Neues aus Nordwest-Warnemünde

Die Versammlung des Stadtbezirksverbandes im November befasste sich neben wichtigen Angelegenheiten aus den Ortsteilen auch mit der Jahresplanung für 2018 sowie mit der Auswertung des zurückliegenden Jahres.

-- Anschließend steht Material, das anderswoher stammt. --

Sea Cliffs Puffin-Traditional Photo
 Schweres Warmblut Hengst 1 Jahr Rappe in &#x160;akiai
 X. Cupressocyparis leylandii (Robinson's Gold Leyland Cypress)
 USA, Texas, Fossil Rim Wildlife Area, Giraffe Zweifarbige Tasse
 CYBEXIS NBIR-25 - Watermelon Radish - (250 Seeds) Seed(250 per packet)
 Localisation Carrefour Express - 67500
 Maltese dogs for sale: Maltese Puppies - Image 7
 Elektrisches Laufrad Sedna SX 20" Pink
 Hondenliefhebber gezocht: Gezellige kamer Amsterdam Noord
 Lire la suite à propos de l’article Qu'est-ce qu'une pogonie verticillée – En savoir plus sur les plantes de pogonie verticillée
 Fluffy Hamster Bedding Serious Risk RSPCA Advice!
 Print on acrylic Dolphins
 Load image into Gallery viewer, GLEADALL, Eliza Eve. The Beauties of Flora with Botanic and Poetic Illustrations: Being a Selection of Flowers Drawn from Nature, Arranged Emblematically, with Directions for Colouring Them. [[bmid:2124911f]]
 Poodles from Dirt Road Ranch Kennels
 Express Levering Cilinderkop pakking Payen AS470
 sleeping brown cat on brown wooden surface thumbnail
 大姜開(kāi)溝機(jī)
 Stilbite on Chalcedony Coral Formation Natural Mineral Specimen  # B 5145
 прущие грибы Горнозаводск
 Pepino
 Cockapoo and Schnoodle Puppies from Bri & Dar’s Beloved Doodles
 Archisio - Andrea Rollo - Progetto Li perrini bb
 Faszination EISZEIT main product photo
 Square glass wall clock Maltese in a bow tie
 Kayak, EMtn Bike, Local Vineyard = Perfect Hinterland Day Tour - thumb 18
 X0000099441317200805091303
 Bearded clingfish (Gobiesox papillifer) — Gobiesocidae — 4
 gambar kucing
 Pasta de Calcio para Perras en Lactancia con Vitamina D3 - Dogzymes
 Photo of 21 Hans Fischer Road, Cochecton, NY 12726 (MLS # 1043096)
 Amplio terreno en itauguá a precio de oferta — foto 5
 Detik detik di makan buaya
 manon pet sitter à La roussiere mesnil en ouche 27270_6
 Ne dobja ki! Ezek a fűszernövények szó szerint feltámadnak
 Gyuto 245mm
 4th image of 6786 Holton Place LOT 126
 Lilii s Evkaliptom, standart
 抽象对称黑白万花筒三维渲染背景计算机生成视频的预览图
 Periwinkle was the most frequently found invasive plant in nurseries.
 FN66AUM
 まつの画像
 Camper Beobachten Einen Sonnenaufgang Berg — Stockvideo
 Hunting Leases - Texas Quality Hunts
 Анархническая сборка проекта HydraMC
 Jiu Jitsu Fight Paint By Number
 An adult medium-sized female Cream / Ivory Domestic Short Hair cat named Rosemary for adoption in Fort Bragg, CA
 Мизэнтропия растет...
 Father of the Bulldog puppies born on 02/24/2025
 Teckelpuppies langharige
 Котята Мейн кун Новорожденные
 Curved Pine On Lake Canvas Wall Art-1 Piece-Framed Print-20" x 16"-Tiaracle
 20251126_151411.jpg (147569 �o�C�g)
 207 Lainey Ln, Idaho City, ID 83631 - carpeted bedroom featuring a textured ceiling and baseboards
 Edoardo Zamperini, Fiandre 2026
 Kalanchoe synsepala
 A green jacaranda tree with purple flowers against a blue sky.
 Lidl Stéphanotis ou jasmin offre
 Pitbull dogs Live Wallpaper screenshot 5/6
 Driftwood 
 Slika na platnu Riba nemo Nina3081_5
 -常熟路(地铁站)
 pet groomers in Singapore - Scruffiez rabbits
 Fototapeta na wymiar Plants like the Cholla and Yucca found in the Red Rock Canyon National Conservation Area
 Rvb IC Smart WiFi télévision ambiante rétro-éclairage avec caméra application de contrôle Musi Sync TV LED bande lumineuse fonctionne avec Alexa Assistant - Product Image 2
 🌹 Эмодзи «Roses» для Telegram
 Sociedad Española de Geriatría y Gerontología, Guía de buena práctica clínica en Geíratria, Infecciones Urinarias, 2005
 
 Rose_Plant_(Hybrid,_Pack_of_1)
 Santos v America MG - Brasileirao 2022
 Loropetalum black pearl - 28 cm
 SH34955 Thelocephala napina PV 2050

Zu Beginn konnten die Anwesenden ein neues Mitglied, Frau Franziska Richert, in ihren Reihen begrüßen, die sich kurz vorstellte. Als SBV-Vorsitzende gab Frau Chris Günther anschließend mit ihrem Rechenschaftsbericht einen Rückblick auf das Jahr. In der darauffolgenden Aussprache zu diesem Bericht gab es einzelne Wortmeldungen der Mitglieder, die sich positiv zum Verlauf des zu Ende gehenden Jahres äußerten. Herr Drenkhahn regte an, wichtige Themen von vor Ort (z.B. IGA-Park, Stadthafenentwicklung usw.) verstärkt in die übergeordneten Gremien einzubringen und eine breitere Diskussion innerhalb der CDU zu befördern. Frau Woest erinnerte aber auch an einige vorgesehene Veranstaltungen mit Referenten, die leider nicht stattfanden. Die letzte Sitzung des SBV ist für den 21.12.2017, 17:30 Uhr angesetzt worden.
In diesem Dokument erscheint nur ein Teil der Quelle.